Market research firm Gartner Japan has good news and bad news for cell phone manufacturers and telecos. The company predicts Japanese handsets sales could reach 49 million units in 2006 as mobile number portability finally makes it debut and consumers trade up to faster, smarter handsets on their carrier of choice. That’s good news since sales for 2005 are looking rather flat especially compared to those halcyon days of 2003 when the debut of the camera phone helped drive sales to over 48 million units. Bad news is that Gartner’s research [.pdf in Japanese] indicates sales will fall again sometime in 2007 once consumers have replaced their current handsets.

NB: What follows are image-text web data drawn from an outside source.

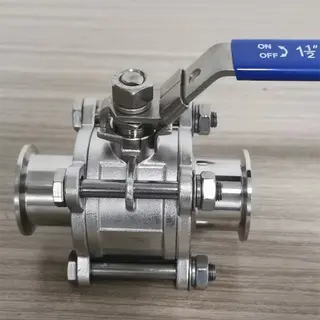 Stainless Steel F316 Sanitary Ball Valves, 3PC, 1-1/2 Inch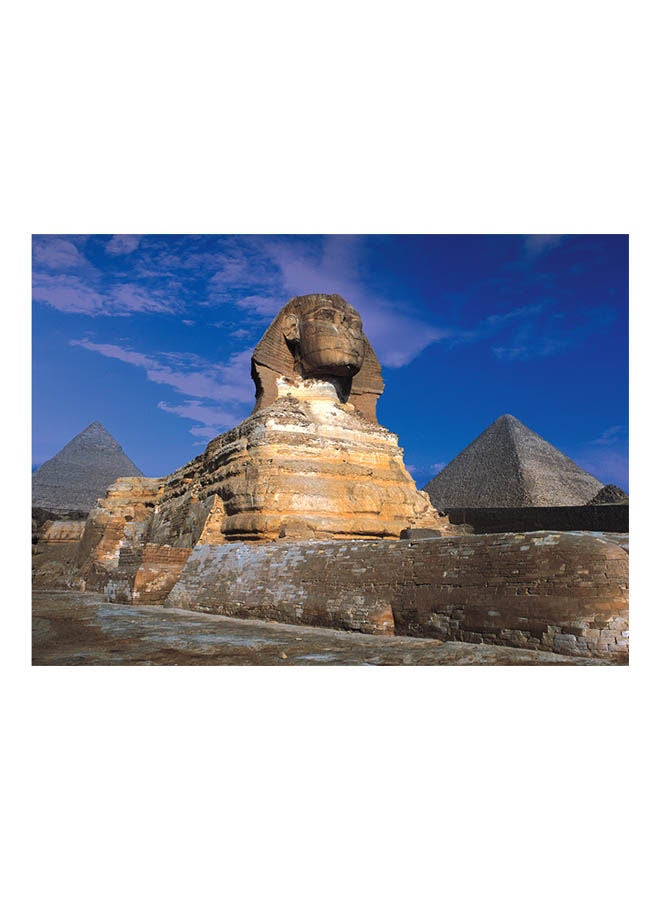 أحجية قطع تركيب بتصميم تمثال أبو الهول من الجيزة في مصر مكونة من 500 قطعة (تضيء في الظلام) 38x52سم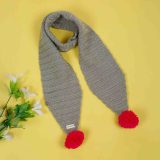 Grey Woollen Muffler for Kids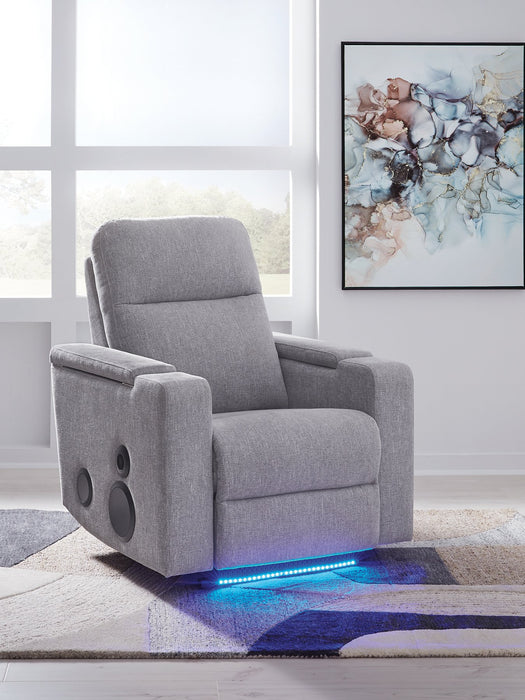 Pineland Power Glider Recliner with Audio System - Holmwood's Furniture & Design Center (Somersworth, NH)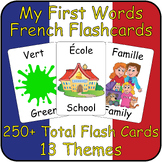 French to English First Words Flashcards - 250+ Beginner V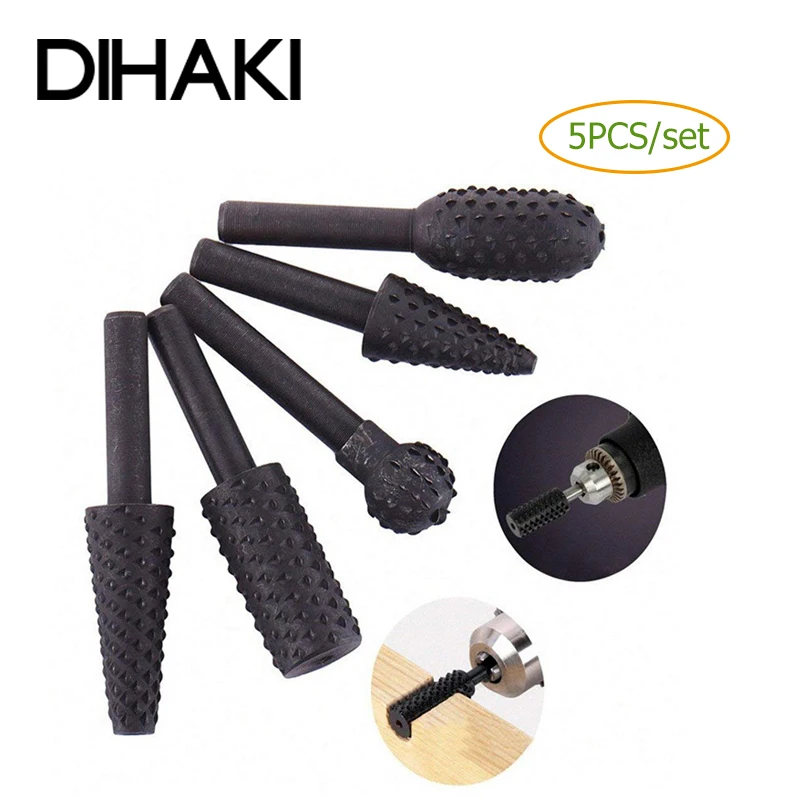 5 шт./компл. вращающиеся напильники для сверления заусенцев вращающаяся шиповая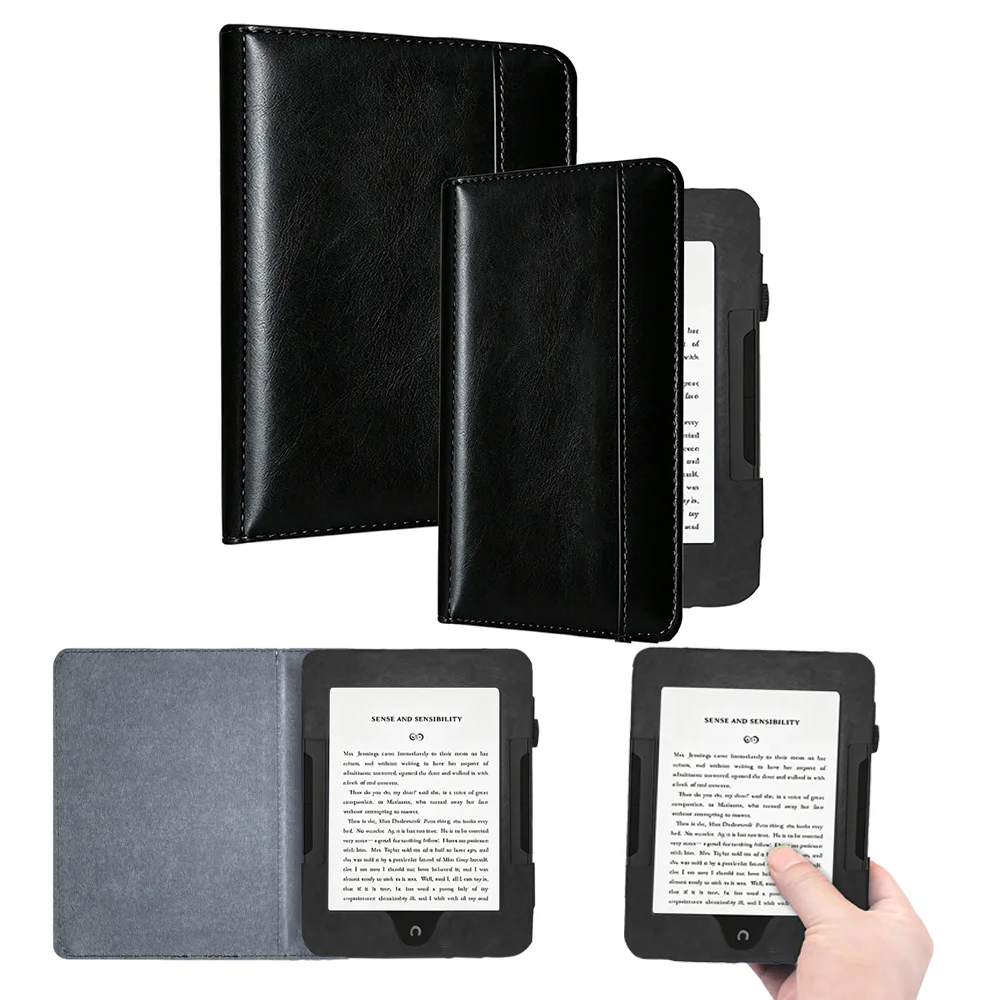 PU Leather Folio Case For Barnes & Noble Nook GlowLight 4 Plus ，7.8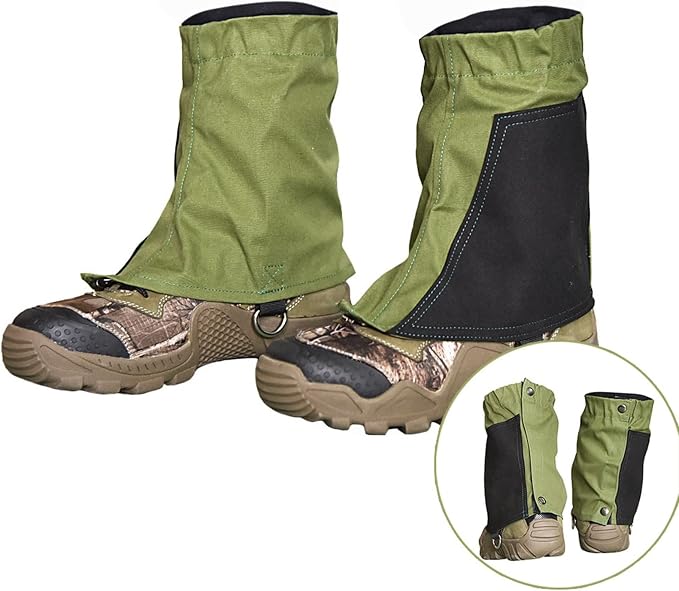 Outdoor Waterproof Leggings Trekking Breathable Leggings Mudguard Jungle Anti-Snake Bite Shoe Cover (Color: A, Size: One Size)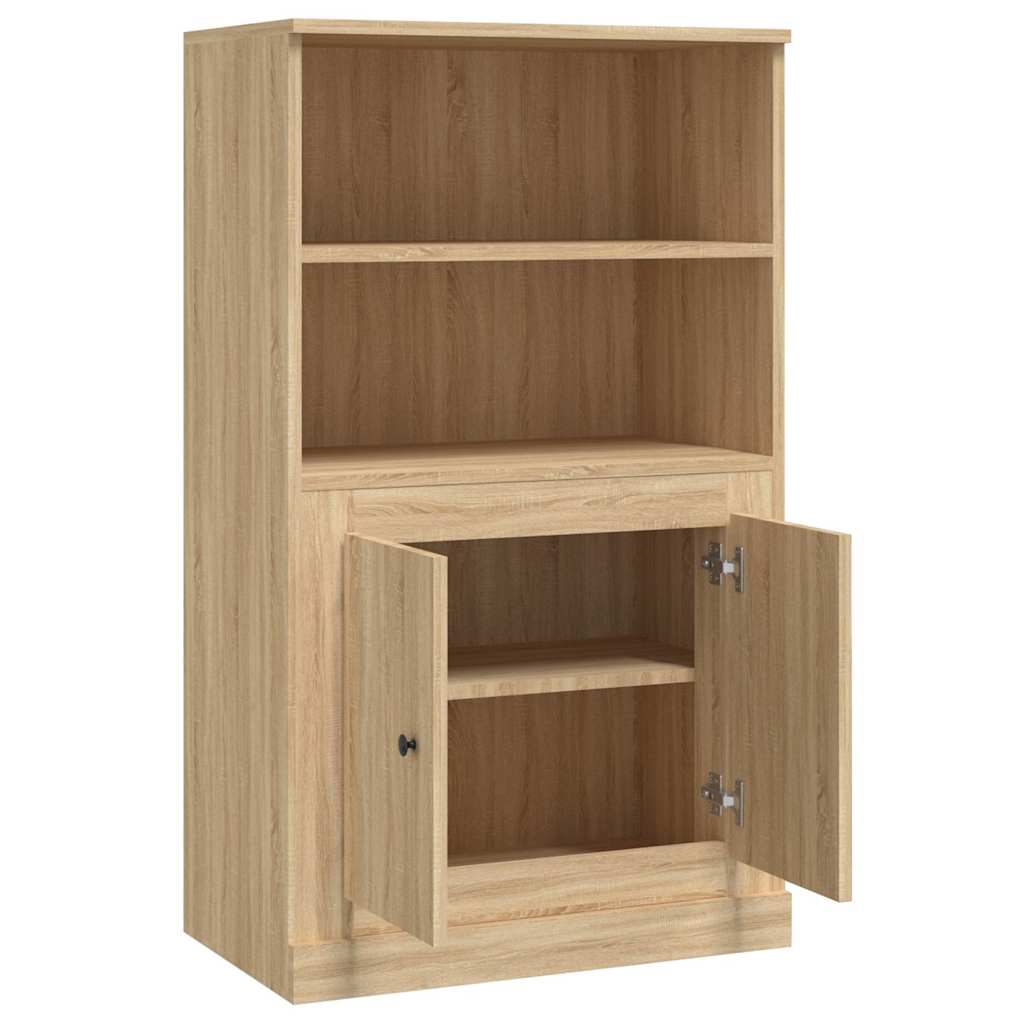 Sonoma tölgy szerelt fa magasszekrény 60x35,5x103,5 cm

Of course it doesn’t take costly research to know telecos here have a lot to worry about. With the domestic cell phone market fast reaching saturation point DoCoMo, KDDI and Vodafone will have to depend not only on handset replacement but rolling out comprehensive mobile consumer, retail, and data-related services — both in-house and through partners — to retain customers and keep income flowing in the right direction.
Spring of 2006 means the start-up of digital terrestrial broadcasting and content providers are partnering with TV broadcasters to bring a range of TV-related services onto mobile phones. However since most of these services will be available regardless of carrier, it will not help telecos hold onto customers.
Number portability has the whole sector jittery. From this fall through 2006 telecos hope to dazzle consumers with an even more refined menu of exclusive 3G services. Just out from KDDI for example, a cell-phone based car navigation system that not only displays maps but provides voice instructions through the cell phone speaker. KDDI estimates due to their high price tag, only around 20 percent of drivers have a car navigation system. Now for just 315 yen a month (US$2.87), drivers can switch on the phone for driving instructions. The service even obliges with updated information on car parks and can guide drivers right to the spot.
Interestingly, Gartner says that compared to the success of camera phones, 2005 numbers so far show music has not been the killer application telecom carriers had perhaps hoped for. Bells and whistles aside, affordable price plans are probably what will really inspire loyalty to individual carriers. Economical flat rate plans and discounted services are already becoming important factors in advertising campaigns and marketing.
Cell phone manufacturers have their own problems. Faced with increasingly costly development for complex 3G phones it?fs no secret that with few exceptions, cell phone divisions at major electronic houses are racking up significant losses. They are going to be counting on the next wave in the cell phone replacement cycle, two years or less in this market, to wash some of the red from their debit columns even if only temporarily. Garnter predicts sales in 2007 will fall from 49 million units to close to 46 million and in 2008 only reach around 44 million.